Daan Noordenbos

Approximating the best move probabilities

Introduction

In this post we are going to be considering the following problem. In some game state there are \(n\) possible moves that can be played. Each of these \(n\) child nodes is evaluated by a rollout policy, resulting in \(a_k\) wins and \(b_k\) loses for child \(k\). The question then is, what is the probability that child node \(k\) has the highest winning probability?

Exact method

Let us start at the back, what is the distribution of the winning probability for child \(k\)? Luckily this problem has already been solve, the winning probability, \(w_k\), has a beta distribution. More specifically, \(w_k\sim\text{Beta}(a_k + 1, b_k + 1)\). With this we can solve the problem analytically,

\[P(x_k>\text{max}(x_1,\dots,x_{k-1},x_{k+1},\dots,x_n)=\int_0^1f_{w_k}(x)\prod^n_{i\ne k}F_{w_i}(x)dx.\]

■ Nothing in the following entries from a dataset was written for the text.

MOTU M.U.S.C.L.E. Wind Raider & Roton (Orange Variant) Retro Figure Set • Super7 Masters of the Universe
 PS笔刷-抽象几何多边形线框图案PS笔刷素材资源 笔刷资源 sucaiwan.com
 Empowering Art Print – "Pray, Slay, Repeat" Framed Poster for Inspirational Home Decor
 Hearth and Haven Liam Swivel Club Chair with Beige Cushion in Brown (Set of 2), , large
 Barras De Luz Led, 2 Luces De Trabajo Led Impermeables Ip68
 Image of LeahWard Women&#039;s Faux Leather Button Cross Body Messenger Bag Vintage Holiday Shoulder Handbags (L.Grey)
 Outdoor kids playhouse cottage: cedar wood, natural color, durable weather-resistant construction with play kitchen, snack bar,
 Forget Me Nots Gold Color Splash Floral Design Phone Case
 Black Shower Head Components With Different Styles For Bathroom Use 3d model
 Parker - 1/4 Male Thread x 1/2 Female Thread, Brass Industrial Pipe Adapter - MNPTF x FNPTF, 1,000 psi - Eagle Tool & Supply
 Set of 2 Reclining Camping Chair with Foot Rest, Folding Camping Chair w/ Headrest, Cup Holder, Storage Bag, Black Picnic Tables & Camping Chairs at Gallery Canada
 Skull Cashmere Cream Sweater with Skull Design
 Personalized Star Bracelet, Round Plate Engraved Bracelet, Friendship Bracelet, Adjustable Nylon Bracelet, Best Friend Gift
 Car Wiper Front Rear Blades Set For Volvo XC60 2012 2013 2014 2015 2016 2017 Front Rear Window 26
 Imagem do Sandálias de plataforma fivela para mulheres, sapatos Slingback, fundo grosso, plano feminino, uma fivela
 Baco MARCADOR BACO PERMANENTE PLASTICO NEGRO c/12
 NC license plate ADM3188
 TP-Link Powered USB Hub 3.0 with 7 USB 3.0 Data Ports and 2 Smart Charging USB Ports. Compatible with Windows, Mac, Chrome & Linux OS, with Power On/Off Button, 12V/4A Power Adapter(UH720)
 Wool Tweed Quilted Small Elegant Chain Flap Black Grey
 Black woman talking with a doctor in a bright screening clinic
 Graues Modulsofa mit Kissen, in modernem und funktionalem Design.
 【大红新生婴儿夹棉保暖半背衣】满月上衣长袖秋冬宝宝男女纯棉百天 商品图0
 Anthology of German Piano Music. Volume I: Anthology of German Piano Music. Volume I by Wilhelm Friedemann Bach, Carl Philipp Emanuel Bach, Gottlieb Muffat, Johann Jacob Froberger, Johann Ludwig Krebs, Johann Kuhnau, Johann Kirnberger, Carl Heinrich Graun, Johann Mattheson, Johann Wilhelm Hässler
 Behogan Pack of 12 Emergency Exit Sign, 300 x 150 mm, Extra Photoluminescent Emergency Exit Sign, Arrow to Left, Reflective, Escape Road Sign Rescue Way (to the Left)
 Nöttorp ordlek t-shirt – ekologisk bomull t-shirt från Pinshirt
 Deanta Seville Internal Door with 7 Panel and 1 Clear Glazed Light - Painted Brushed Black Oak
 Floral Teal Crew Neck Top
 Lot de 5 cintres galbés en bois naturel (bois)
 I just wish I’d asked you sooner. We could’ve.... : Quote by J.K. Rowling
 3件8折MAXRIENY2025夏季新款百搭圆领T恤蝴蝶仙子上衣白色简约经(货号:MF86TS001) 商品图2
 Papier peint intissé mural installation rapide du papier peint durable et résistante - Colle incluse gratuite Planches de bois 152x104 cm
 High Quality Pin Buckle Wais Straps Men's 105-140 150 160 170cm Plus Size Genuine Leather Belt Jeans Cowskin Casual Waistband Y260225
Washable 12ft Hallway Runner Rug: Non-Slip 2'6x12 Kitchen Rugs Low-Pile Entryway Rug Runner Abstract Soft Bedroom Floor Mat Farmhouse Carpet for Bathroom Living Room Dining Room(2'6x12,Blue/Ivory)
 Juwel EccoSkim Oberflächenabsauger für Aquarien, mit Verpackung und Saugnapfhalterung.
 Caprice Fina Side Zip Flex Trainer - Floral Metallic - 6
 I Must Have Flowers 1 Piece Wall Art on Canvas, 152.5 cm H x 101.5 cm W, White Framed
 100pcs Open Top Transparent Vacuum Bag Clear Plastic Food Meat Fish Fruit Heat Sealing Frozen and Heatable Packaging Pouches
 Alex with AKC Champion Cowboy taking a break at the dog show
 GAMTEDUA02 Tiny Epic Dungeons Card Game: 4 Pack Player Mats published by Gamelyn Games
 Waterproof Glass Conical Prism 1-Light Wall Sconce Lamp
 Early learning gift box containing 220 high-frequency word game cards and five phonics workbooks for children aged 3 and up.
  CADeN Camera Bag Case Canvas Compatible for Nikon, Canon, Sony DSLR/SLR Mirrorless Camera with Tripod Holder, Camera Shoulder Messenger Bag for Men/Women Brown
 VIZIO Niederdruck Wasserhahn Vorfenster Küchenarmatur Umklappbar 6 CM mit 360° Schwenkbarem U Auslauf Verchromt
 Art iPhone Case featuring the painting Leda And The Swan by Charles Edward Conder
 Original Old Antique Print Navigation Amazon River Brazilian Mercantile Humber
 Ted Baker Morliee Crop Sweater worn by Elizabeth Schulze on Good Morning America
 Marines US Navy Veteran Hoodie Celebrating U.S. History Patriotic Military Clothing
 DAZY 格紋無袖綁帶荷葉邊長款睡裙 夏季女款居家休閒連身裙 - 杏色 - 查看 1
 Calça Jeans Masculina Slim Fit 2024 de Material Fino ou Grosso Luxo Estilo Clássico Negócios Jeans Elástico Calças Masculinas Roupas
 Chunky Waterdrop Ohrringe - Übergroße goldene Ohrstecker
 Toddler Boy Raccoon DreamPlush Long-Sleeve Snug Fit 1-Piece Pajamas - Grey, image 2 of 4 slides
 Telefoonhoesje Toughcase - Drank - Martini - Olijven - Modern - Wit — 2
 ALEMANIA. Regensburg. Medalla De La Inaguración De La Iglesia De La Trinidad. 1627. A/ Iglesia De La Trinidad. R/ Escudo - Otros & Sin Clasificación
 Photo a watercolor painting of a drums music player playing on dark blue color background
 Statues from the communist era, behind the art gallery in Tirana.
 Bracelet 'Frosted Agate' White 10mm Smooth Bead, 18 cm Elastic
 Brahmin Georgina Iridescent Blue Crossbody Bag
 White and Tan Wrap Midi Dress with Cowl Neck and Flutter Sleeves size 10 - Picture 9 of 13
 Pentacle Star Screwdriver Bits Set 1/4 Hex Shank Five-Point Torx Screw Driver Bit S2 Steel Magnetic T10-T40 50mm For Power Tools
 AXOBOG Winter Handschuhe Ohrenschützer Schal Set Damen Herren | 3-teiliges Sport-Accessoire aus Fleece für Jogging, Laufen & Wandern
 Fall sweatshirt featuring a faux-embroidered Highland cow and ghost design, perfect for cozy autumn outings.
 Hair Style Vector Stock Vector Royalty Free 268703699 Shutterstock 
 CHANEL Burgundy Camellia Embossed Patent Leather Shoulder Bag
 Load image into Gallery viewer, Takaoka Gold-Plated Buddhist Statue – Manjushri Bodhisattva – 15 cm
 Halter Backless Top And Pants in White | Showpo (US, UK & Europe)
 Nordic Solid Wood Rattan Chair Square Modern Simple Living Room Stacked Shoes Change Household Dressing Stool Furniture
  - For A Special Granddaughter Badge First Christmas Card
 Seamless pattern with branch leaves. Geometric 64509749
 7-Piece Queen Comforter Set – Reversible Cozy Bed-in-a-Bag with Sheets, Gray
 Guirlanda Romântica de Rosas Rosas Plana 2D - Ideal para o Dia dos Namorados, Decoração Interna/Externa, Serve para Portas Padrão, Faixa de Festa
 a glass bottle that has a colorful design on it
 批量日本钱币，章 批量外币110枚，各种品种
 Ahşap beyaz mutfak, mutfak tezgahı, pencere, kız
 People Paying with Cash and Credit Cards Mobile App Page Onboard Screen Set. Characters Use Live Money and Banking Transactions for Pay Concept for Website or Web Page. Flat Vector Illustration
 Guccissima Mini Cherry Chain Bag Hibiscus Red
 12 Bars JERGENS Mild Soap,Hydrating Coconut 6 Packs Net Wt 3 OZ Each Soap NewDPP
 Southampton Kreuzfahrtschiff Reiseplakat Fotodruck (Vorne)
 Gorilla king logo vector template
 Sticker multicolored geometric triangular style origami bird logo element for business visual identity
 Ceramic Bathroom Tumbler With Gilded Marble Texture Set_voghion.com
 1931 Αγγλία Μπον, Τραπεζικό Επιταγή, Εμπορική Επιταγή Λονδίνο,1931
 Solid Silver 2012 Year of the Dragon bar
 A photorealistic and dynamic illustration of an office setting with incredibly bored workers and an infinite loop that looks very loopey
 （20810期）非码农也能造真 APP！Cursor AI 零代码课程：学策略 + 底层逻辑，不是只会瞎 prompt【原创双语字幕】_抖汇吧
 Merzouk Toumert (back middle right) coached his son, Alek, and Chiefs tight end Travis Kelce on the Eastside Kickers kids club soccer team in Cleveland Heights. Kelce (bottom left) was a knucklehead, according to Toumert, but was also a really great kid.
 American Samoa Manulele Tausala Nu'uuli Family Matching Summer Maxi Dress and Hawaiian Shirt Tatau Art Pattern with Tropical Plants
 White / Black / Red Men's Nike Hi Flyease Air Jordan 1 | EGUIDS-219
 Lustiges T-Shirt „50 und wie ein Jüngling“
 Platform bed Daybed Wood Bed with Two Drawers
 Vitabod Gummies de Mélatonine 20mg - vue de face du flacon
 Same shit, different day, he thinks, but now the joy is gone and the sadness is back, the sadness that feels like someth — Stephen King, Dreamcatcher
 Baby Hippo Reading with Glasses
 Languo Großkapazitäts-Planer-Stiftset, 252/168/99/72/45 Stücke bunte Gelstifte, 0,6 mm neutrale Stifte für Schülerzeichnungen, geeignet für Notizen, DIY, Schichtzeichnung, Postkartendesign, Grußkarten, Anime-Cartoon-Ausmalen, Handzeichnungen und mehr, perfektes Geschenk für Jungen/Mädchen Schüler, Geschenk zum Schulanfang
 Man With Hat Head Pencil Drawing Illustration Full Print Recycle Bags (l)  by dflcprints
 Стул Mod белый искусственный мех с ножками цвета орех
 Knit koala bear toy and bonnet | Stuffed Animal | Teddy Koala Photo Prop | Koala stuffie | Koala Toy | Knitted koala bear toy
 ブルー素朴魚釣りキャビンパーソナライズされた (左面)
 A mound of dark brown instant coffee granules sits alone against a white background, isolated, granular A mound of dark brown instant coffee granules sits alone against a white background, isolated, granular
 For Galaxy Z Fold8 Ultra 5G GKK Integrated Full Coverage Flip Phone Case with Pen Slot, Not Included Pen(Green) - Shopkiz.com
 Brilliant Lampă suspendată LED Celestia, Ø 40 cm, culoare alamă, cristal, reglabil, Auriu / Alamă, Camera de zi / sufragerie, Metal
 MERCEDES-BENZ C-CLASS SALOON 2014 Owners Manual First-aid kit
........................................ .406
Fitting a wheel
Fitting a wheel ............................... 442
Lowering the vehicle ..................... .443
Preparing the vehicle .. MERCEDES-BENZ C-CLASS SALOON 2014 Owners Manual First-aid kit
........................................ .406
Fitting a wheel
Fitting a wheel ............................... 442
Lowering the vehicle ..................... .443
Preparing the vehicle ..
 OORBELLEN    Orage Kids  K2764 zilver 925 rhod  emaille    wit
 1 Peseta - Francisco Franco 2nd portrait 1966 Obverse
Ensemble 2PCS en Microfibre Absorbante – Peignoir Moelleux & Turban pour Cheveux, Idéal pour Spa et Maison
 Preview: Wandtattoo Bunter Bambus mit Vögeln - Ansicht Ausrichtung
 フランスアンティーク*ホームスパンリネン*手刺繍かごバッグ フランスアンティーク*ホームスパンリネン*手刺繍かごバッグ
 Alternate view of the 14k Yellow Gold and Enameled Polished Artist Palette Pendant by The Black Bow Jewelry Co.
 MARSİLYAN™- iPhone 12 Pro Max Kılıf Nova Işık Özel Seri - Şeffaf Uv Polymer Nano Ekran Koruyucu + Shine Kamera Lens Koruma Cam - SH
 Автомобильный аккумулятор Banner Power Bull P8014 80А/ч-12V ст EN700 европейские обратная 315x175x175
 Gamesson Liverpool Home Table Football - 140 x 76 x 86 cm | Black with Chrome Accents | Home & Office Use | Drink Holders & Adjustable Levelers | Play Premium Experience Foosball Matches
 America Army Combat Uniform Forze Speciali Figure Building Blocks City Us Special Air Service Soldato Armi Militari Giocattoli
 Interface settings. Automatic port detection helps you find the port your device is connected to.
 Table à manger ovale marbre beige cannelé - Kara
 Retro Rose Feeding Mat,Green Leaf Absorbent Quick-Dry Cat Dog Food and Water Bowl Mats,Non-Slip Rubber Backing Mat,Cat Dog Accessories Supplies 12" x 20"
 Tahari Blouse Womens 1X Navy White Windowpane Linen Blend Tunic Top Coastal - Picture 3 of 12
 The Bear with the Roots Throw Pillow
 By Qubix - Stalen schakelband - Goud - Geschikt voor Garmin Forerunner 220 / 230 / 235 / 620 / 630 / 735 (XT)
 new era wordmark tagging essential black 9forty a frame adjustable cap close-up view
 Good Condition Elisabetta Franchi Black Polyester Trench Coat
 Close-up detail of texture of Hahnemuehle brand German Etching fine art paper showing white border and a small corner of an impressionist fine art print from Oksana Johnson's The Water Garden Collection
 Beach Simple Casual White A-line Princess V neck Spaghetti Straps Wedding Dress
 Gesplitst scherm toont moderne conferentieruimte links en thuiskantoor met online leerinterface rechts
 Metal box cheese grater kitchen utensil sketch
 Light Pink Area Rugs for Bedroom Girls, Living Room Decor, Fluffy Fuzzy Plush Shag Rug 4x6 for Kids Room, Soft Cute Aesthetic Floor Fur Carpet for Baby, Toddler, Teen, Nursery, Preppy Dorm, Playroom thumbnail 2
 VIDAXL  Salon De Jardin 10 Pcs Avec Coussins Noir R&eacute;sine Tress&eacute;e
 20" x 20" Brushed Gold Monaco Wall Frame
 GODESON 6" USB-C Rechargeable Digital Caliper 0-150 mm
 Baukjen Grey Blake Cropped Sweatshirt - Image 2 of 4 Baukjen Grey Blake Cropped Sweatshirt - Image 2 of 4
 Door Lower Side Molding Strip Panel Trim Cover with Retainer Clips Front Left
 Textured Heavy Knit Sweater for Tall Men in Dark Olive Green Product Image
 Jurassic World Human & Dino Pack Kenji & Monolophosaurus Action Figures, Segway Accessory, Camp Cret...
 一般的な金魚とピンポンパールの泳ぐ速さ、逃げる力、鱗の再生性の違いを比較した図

Where \(f_{w_k}(x)\) and \(F_{w_i}(x)\) are the PDF and CDF of \(w_i\) respectively. However, this integral cannot be reduced any further. Computing it numerically is fine for relatively small \(n\), but for quite large \(n\) we find that \(\prod^n_{i\ne k}F_{w_i}(x)\) becomes too ill behaved.

Approximation

Instead of computing it exactly we will have to approximate the answer. This can be done quite effectively with the following method,

\[P(x_k>\text{max}(x_1,\dots,x_{k-1},x_{k+1},\dots,x_n)\approx\int_t^1f_{w_k}(x)dx\text{, such that } \sum^n_{i=1}\int_t^1f_{w_i}(x)dx=1.\]

Finding the appropriate \(t\) is not difficult, we can use a simple bisection method. The reason that this method is a good approximation is due to the fact that for larger \(n\),

\[\prod^n_{i\ne k}F_{w_i}(x)\approx\begin{cases}0\text{, for } x < t\\1\text{, for } x\ge t\end{cases}.\]

This method also makes intuitive sense since it looks at the tail ends of the distributions. Which is sensible because we are looking at the maximum.